Created attachment 42528 [details] test case Attached is a test case that demonstrates the problem. The root of the problem seems to be r27045: http://trac.webkit.org/changeset/27045. I'm wondering why the logic in question was necessary? Is it expected that XMLTokenizer should report a failure when parsing an empty document? Or was the patch addressing some other issue? Nevertheless, it doesn't work correctly when the tokenizer hits a parse error before the root element is processed. Such an error would be handled in ::parse() and that logic in ::doEnd() would catch the same error and report it for the second time.
Created attachment 42530 [details] proposed patch Along with the fix, I added a manual test. I'm not sure how to write a layout test that would not depend on the locale? (the error messages provided by QXmlStream are localized)
(In reply to comment #1) > Created an attachment (id=42530) [details] > proposed patch > > Along with the fix, I added a manual test. > > I'm not sure how to write a layout test that would not depend on the locale? > (the error messages provided by QXmlStream are localized) Did you try to write a test?
Comment on attachment 42530 [details] proposed patch > - if (m_stream.error() == QXmlStreamReader::PrematureEndOfDocumentError > - || (m_wroteText && !m_sawFirstElement && !m_sawXSLTransform)) > + if (m_stream.error() == QXmlStreamReader::PrematureEndOfDocumentError) I'm not convinced. Why do you remove m_sawXSLTransform? What is with the originally mentioned XML Http Request test, is it still passing, why it passing without the change? So the question is the following: "libxml2 has the semantic that when writing an empty string and finishing it, it will report an error. For QXmlStreamReader this is valid." Is that still true, was that true, was the semantic of QXmlStreamReader changed? > diff --git a/WebCore/manual-tests/qt/parse-error-reported-twice.xml b/WebCore/manual-tests/qt/parse-error-reported-twice.xml > new file mode 100644 > index 0000000..0b97956 > --- /dev/null > +++ b/WebCore/manual-tests/qt/parse-error-reported-twice.xml > @@ -0,0 +1,5 @@ > +<?xml version="1.0" encoding="utf-8"?> > +<!-- Trigger a parse error in the doctype. --> > +<!DOCTYPE doc {}> > +<doc></doc> > +<!-- The tokenizer should report a parse failure _once_. --> > -- > 1.6.4.2 > Make that a proper layout test, don't worry about the locale it is the same for everyone and we can change it via the LayoutTestController
(In reply to comment #0) > Created an attachment (id=42528) [details] > test case > > Attached is a test case that demonstrates the problem. > > The root of the problem seems to be r27045: > http://trac.webkit.org/changeset/27045. > > I'm wondering why the logic in question was necessary? Is it expected that > XMLTokenizer should report a failure when parsing an empty document? Or was the > patch addressing some other issue? Yes, libxml2 is having this behavior and we need it too.

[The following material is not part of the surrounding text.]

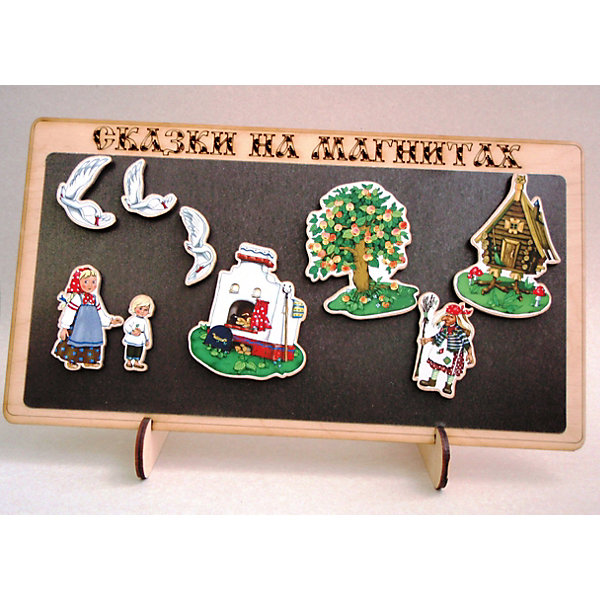 

Сказки на магнитах Нескучные игры "Гуси-Лебеди, Сказки на магнитах Нескучные игры "Гуси-Лебеди"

Looking at it a bit more you might want to use m_sawError in ::doEnd() to see if an error message has been sent during the parsing. And then it would be greatly appreciated if you could provide a layout test (your manual one with dumping as text would work) and finally see if we report an empty document as failure (or not).
Created attachment 42606 [details] proposed patch (In reply to comment #5) > Looking at it a bit more you might want to use m_sawError in ::doEnd() to see > if an error message has been sent during the parsing. And then it would be > greatly appreciated if you could provide a layout test (your manual one with > dumping as text would work) and finally see if we report an empty document as > failure (or not). Thanks, indeed the previous patch was wrong. Here is a revised one that makes use of m_sawError to check if an error has been encountered during the parsing to make sure the same failure would not be reported twice. I glanced through the fast/parser tests and noticed that fast/parser/xml-declaration-missing-ending-mark.html demonstrates the same problem. Therefore, I believe no new test is needed for this patch? That test is currently on the Skipped list: it fails due to this bug but it also needs a Qt-specific result. I'll file another bug with the correct test result. The expected behaviour as for empty documents is preserved with this patch.
Okay, merge the test result into this bug... or the fix into the other...
To be more precise. The reason I want to have one patch is to avoid the following: If I land this patch first... - Oh yeah this is fixing a bug from THAT test case but we are skipping it If I land the result first: - Oh yeah this is the result but we are failing this test... What I want is: - Oh we are curently failing THAT test, here is a fix and a Qt specific result due a different error message...
Created attachment 42654 [details] proposed patch The patch along with the test result.
Comment on attachment 42654 [details] proposed patch The ChangeLog could be more clear too...I will do it when landing... thanks for the fix!
Comment on attachment 42654 [details] proposed patch Marking cq- since holger had further comments and wanted to land this manually.
Thanks landed it in r50640.